Guestrooms + Corridors

Gary Wilson, Photographer

Gary Wilson photography
Gary Wilson photography
Etched Mirror

Gary Wilson is a native Portlander who has been a professional photographer all his adult life. He says that the light and atmosphere of the city and its rivers has been his primary inspiration. He feels privileged during the course of making his living to be witness to Portland's many visual treasures, in particular the predawn fog and play of light on the Willamette and the shapes of its bridges. About the collection of photographs at The Paramount he says: 

" What Portlander hasn't wondered about the workings of Portland's bridges while on their daily commute or while parked waiting for the Hawthorne, the Morrison, the Burnside, the Broadway or the Steel to transform themselves to acccommodate the Willamette's river traffic? I grew up in Portland with just such a fascination. I was pretty certain that the experience of being in bridge's motor room or on its upper structures would be a powerful experience. 

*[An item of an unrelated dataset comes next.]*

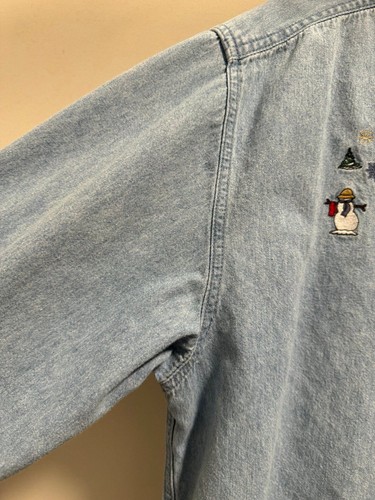 Vtg Northern Treasures Embroidered Denim Snowman Shirt XL - Picture 5 of 8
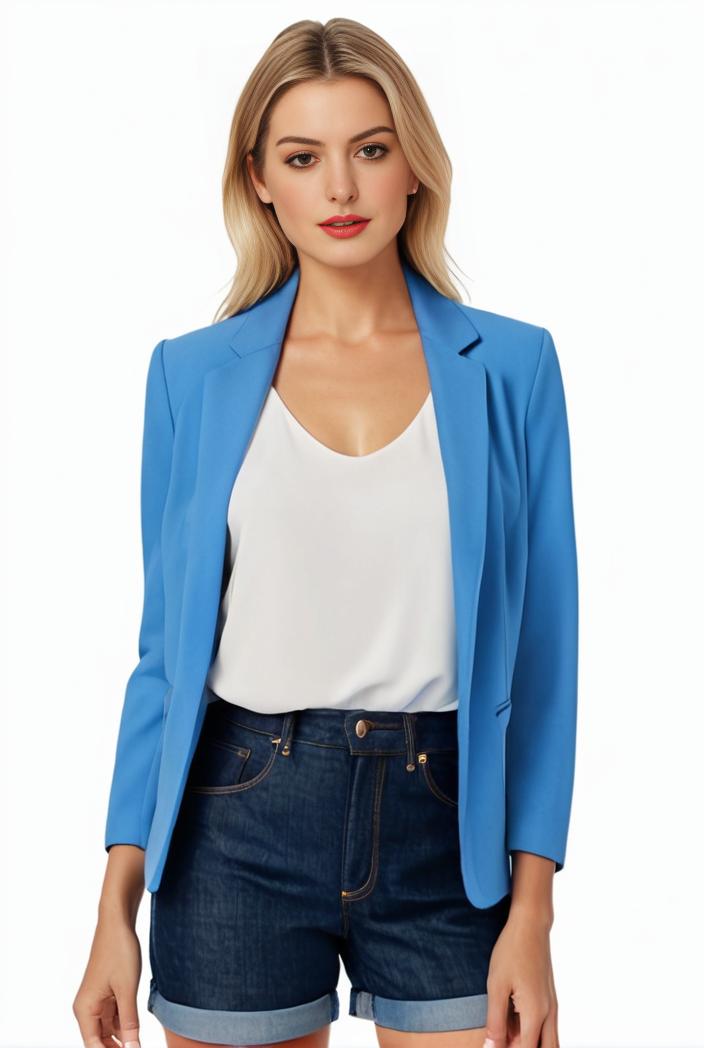 sophisticated split front blazer with long sleeves 117546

Acquiring permission to get atop and inside all the restricted areas within downtown Portland's movable bridges takes time and comes with an awareness of the bureaucratic process. This process, of course, differs with each of Portland's movable bridges depending on the jurisdictional authority. In all cases, my entree to that world was facilitated by my friend, Mike Beard who has spent decades working with many of the key engineers, bridge designers and planners, not only in Portland, but throughout the United States. 

I believe that the personality, as I like to call it, of each bridge is primarily determined by its age, by its movable structure types, by the different traffic it carries, and by how it coordinates with the downtown and its arterials. For instance, the hundred year old, Union Pacific built Steel Bridge carries railroad traffic and now Max, Portland's Light Rail, in addition to car, bus, truck, bike and pedestrian traffic. Separately and together each of these modes of transportation is particularly felt when on top of the bridge, high above the traffic beds where vibrations are viscerally and loudly conducted throughout its superstructure. My strongest and most reverent impressions, when photographing these bridges, are of a sentient and ever-aging creature laboring to fulfill the commands of its creators; creators who had no way to imagine today's increasing traffic demands. in all cases, I was invariably humbled to serve as an intimate witness."